Problem requirements: Counting only lines below that hold "Black", give the total alone.

====== Given information ======

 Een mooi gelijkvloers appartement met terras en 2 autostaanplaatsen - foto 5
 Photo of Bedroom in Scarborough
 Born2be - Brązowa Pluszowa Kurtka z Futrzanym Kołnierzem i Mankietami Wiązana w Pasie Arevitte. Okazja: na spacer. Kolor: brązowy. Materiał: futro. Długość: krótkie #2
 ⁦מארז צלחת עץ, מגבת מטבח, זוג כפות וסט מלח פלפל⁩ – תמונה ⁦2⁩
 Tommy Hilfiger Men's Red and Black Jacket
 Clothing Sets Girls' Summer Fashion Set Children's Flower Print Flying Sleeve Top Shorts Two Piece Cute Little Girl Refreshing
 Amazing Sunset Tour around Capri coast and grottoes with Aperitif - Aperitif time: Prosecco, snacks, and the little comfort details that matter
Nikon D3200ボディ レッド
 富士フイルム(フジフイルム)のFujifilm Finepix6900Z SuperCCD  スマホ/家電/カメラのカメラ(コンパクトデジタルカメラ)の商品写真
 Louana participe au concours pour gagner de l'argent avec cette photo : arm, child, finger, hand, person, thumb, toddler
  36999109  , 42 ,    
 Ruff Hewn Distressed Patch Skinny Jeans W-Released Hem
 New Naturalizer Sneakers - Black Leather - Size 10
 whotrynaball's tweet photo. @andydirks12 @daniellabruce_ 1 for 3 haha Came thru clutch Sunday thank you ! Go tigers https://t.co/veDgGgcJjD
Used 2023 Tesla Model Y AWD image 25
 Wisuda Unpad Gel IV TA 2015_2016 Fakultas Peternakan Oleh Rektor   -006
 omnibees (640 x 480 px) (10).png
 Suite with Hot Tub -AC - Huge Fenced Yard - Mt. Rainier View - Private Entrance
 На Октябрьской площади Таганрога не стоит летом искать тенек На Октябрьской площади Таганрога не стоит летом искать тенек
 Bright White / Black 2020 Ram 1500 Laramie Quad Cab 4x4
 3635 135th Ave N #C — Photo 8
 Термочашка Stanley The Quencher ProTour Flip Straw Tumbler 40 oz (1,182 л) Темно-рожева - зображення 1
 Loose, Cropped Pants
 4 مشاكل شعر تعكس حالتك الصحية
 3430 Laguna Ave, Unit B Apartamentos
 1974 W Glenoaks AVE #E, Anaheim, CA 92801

======

Output below: 3